BEGIN Supplied material

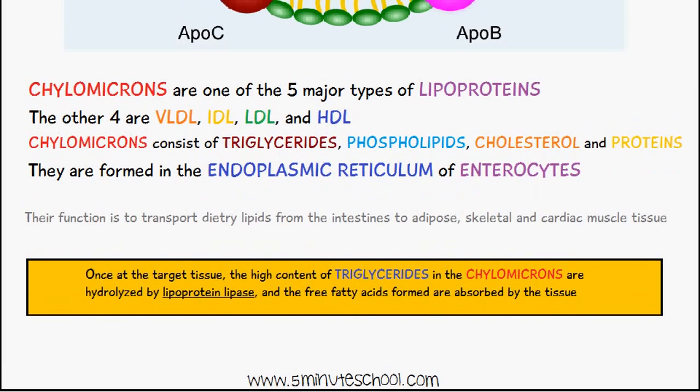So the overall function of chylomicrons is to transport hydrophobic lipids from the intestines to adipose, skeletal, and cardiac muscle tissue — initially through the lymphatic system and then into the bloodstream — as lipids themselves are hydrophobic and can't be transported on their own through the water-based blood. That's everything on chylomicrons; the next video will be focused on lipoproteins. If you have any questions, write a comment below and thank you very much for watching.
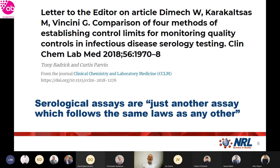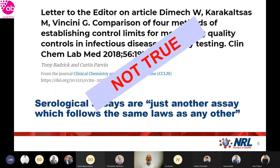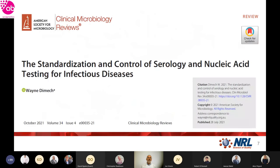There was a letter written in response to an article that Joe, myself, and our colleague Marina published, in which the respondents stated that 'serology assays are just another assay which follow the same laws as any other.' That is simply not true. I'll spend the next 10–15 minutes trying to convince you of that, and we recently published a paper in Clinical Microbiology Reviews which puts all of this out in a logical way, if you'd like a reference.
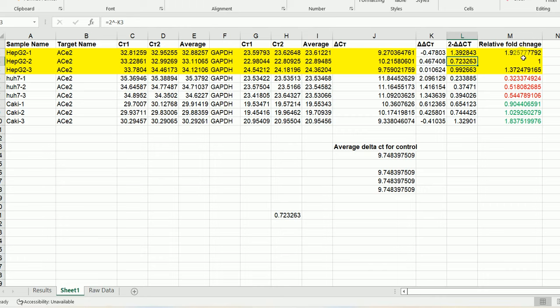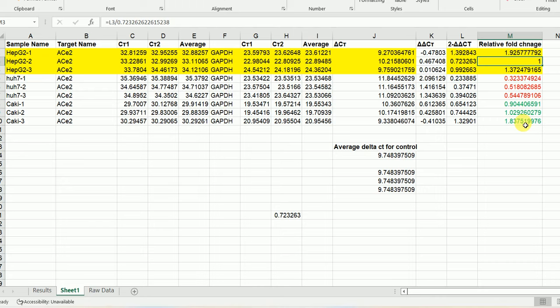From the relative fold change you can see that, compared to the control, the ACE2 expression level is lower in SOS7 cells compared to HepG2 cells. As far as the Huh7 cell is concerned, we need to calculate the average and check if the difference is statistically significant. The details of how to plot the graph and do the statistics using GraphPad Prism for these relative fold change values will be provided with the link in the video description. I hope this video was helpful. Thank you very much for your kind attention.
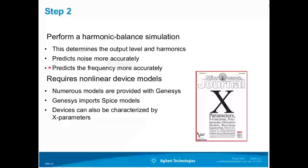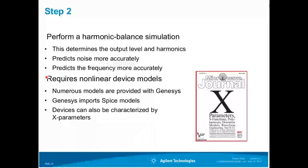Nonlinear simulation requires nonlinear device models, which are more difficult to obtain than linear models. To help, Genesis is bundled with many models from a variety of manufacturers. Also, Genesis imports SPICE models, a common type of nonlinear model. Genesis now supports X parameters. This allows you to base nonlinear models on measured data rather than a physical model that was fit to data.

END Supplied material

## Task requirements
Pictures in the listing above must be skipped; everything else should be copied exactly.

## Completed task
So the overall function of chylomicrons is to transport hydrophobic lipids from the intestines to adipose, skeletal, and cardiac muscle tissue — initially through the lymphatic system and then into the bloodstream — as lipids themselves are hydrophobic and can't be transported on their own through the water-based blood. That's everything on chylomicrons; the next video will be focused on lipoproteins. If you have any questions, write a comment below and thank you very much for watching.
There was a letter written in response to an article that Joe, myself, and our colleague Marina published, in which the respondents stated that 'serology assays are just another assay which follow the same laws as any other.' That is simply not true. I'll spend the next 10–15 minutes trying to convince you of that, and we recently published a paper in Clinical Microbiology Reviews which puts all of this out in a logical way, if you'd like a reference.
From the relative fold change you can see that, compared to the control, the ACE2 expression level is lower in SOS7 cells compared to HepG2 cells. As far as the Huh7 cell is concerned, we need to calculate the average and check if the difference is statistically significant. The details of how to plot the graph and do the statistics using GraphPad Prism for these relative fold change values will be provided with the link in the video description. I hope this video was helpful. Thank you very much for your kind attention.
Nonlinear simulation requires nonlinear device models, which are more difficult to obtain than linear models. To help, Genesis is bundled with many models from a variety of manufacturers. Also, Genesis imports SPICE models, a common type of nonlinear model. Genesis now supports X parameters. This allows you to base nonlinear models on measured data rather than a physical model that was fit to data.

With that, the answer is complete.